[Stored data entries]
Segment Open

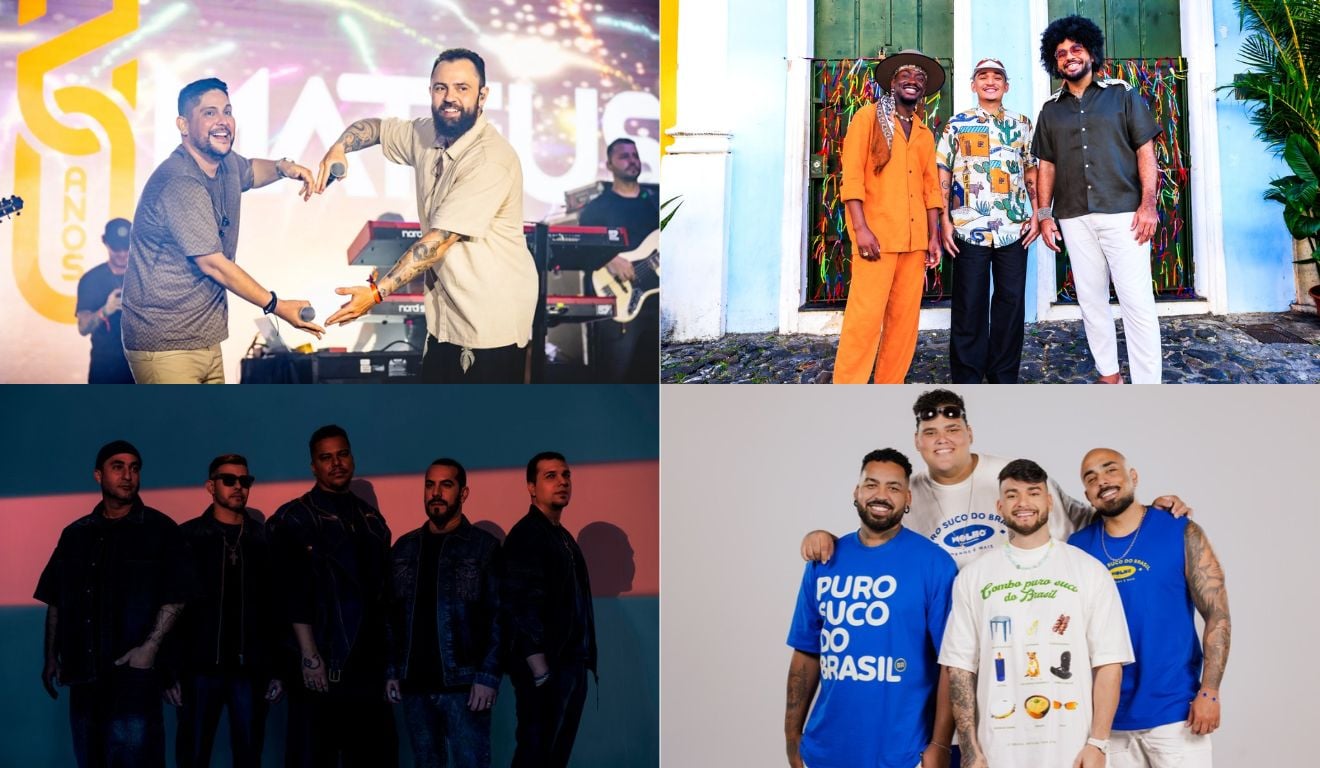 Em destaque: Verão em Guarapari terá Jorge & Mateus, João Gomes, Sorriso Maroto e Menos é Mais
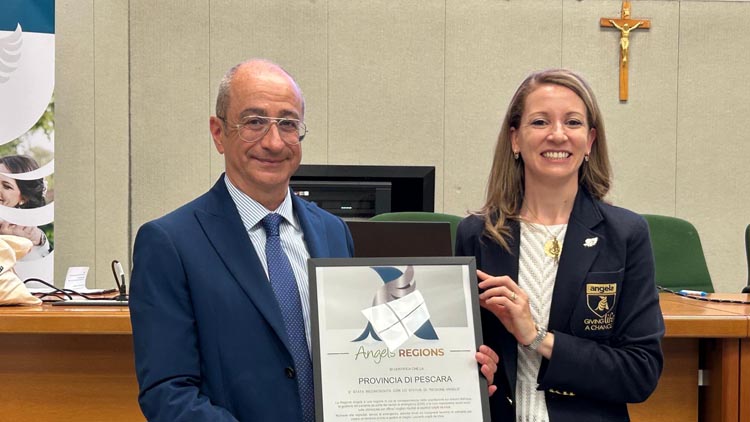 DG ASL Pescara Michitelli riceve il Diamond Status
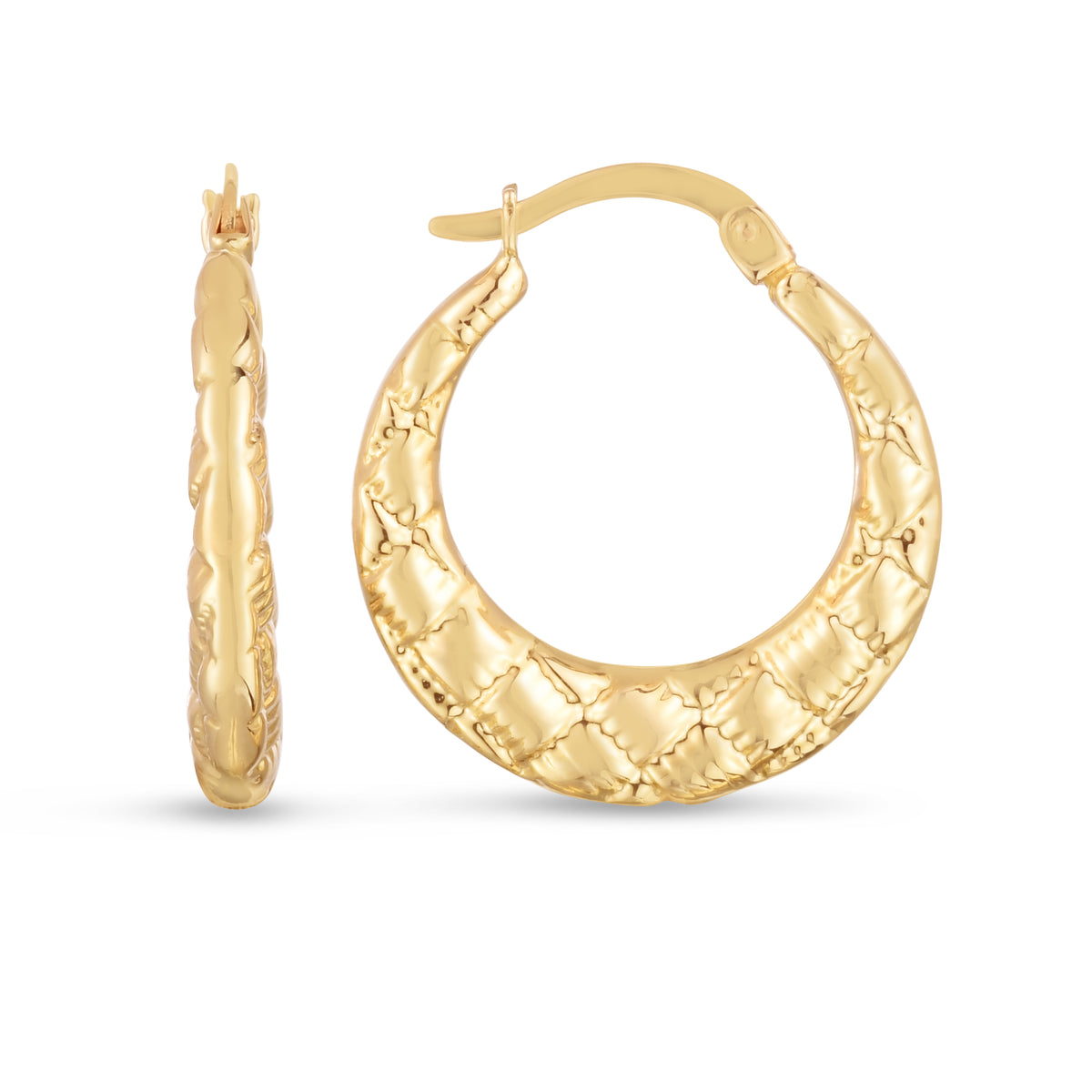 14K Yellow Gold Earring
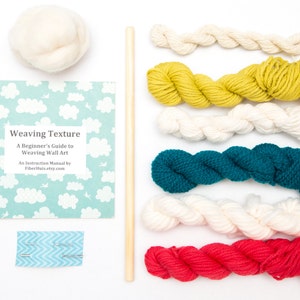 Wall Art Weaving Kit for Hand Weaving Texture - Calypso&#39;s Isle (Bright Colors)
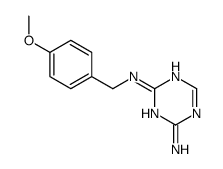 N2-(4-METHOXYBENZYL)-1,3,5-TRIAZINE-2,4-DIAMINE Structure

Segment Closed

● ABOUT THIS EXERCISE:
Every line from the one with "DG ASL Pescara" to the end of the records above should be restated word for word, and no picture belongs in the copy.

● ANSWER SPACE:
 DG ASL Pescara Michitelli riceve il Diamond Status
 14K Yellow Gold Earring
 Wall Art Weaving Kit for Hand Weaving Texture - Calypso&#39;s Isle (Bright Colors)
 N2-(4-METHOXYBENZYL)-1,3,5-TRIAZINE-2,4-DIAMINE Structure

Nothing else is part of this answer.